** SUPPLIED RECORDS follows **

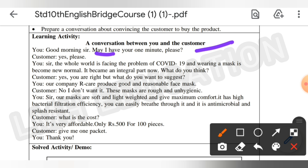You — Our masks are soft and lightweight and give maximum comfort. It has high bacterial filtration efficiency. You can easily breathe through it, and it is antimicrobial and splash resistant. Customer — What is the cost? You — It is very affordable, only rupees 500 for 100 pieces. Customer — Give me one packet. You — Thank you.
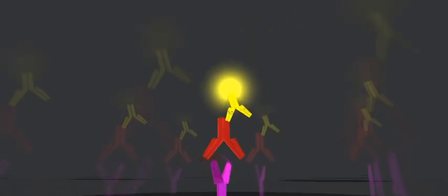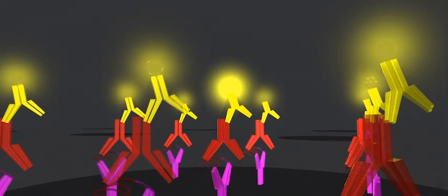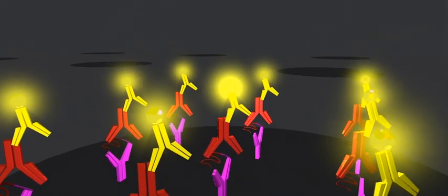When the patient antibodies bind the appropriate signal proteins, we can light them up with a secondary antibody.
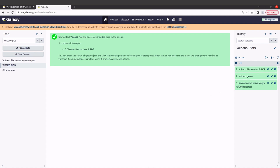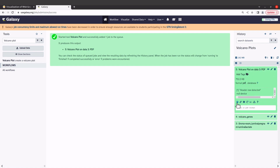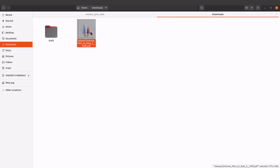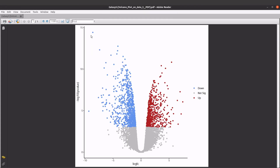The volcano plot has been generated. The output is a PDF file. To download it, click on the output, bring your cursor to the save icon, and click it to download the file. Opening the PDF, we can see a typical volcano plot: blue for down-regulated genes, gray for not significant, and red for up-regulated genes. I have separate tutorials discussing volcano plots in more detail — check the description box.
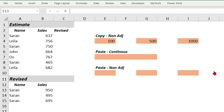Hi friends, my name is Saran Kumar. Welcome to my channel TheExcellism. In this video, I'm going to talk about how to paste the data into non-adjacent cells. I'm sure you all are aware that we can copy the data from non-adjacent cells, but we cannot paste the data into non-adjacent cells. Let's look into this sample case study.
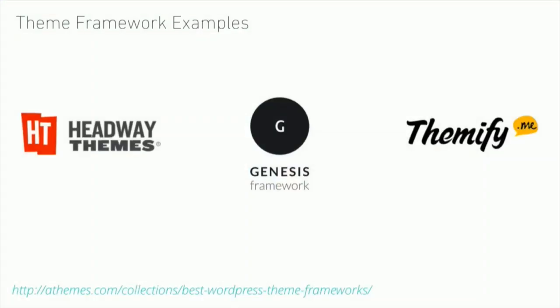Some examples of theme framework are Headway, Genesis, and Themify. These are popular frameworks. Headway is notably different because it gives you some drag and drop options. Genesis and Themify are very popular. You'll find many themes built on them and around them.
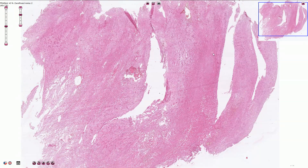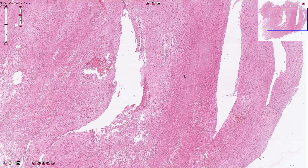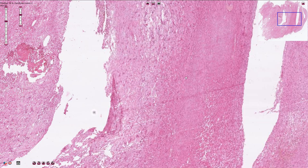On low magnification we can see that the tumor is composed of areas with high cellularity and of hypocellular areas. Let's go closer to take a look at both of them.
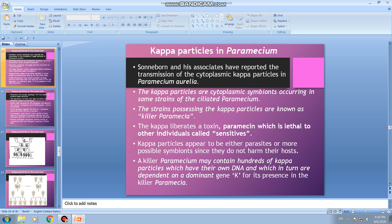Kappa liberates a toxin called paramecin, which is lethal to other individuals called sensitives. Paramecia possessing kappa particles are called killer paramecia because the kappa particles liberate this toxin, which leads to the death of other paramecia — those other individuals are called sensitives.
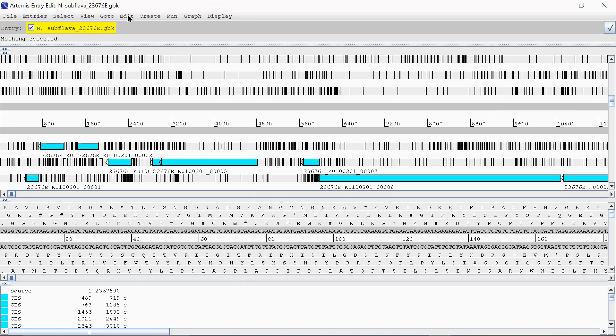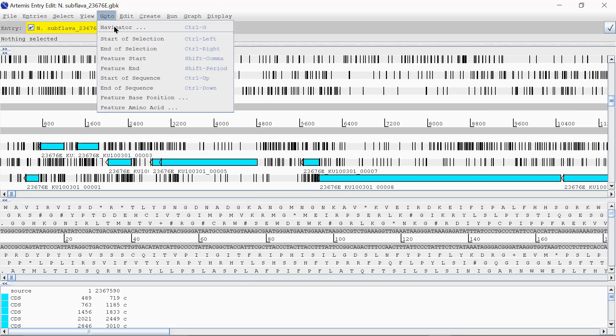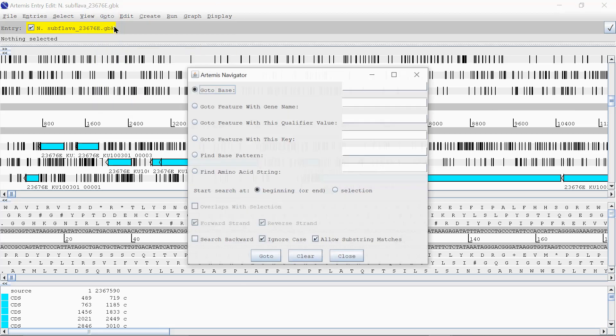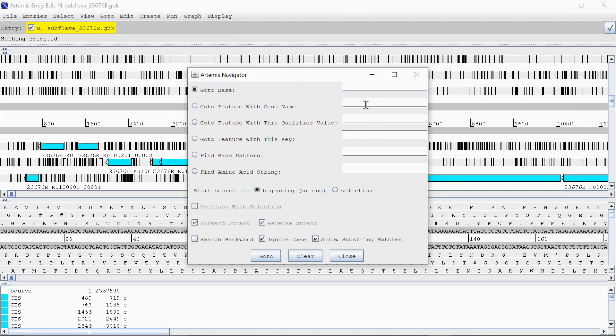If you know a gene name, and it's been annotated in your genome, you can actually find it. So if you go to this tab at the top, go to Navigator. I'm quite lucky, because I know roughly where it is. But, go to Feature With Gene Name.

** End of SUPPLIED RECORDS **

▸ WHAT YOU WILL DO:
Retype the listing exactly. Skip every picture.

▸ EXERCISE RESULT:
You — Our masks are soft and lightweight and give maximum comfort. It has high bacterial filtration efficiency. You can easily breathe through it, and it is antimicrobial and splash resistant. Customer — What is the cost? You — It is very affordable, only rupees 500 for 100 pieces. Customer — Give me one packet. You — Thank you.
When the patient antibodies bind the appropriate signal proteins, we can light them up with a secondary antibody.
The volcano plot has been generated. The output is a PDF file. To download it, click on the output, bring your cursor to the save icon, and click it to download the file. Opening the PDF, we can see a typical volcano plot: blue for down-regulated genes, gray for not significant, and red for up-regulated genes. I have separate tutorials discussing volcano plots in more detail — check the description box.
Hi friends, my name is Saran Kumar. Welcome to my channel TheExcellism. In this video, I'm going to talk about how to paste the data into non-adjacent cells. I'm sure you all are aware that we can copy the data from non-adjacent cells, but we cannot paste the data into non-adjacent cells. Let's look into this sample case study.
Some examples of theme framework are Headway, Genesis, and Themify. These are popular frameworks. Headway is notably different because it gives you some drag and drop options. Genesis and Themify are very popular. You'll find many themes built on them and around them.
On low magnification we can see that the tumor is composed of areas with high cellularity and of hypocellular areas. Let's go closer to take a look at both of them.
Kappa liberates a toxin called paramecin, which is lethal to other individuals called sensitives. Paramecia possessing kappa particles are called killer paramecia because the kappa particles liberate this toxin, which leads to the death of other paramecia — those other individuals are called sensitives.
If you know a gene name, and it's been annotated in your genome, you can actually find it. So if you go to this tab at the top, go to Navigator. I'm quite lucky, because I know roughly where it is. But, go to Feature With Gene Name.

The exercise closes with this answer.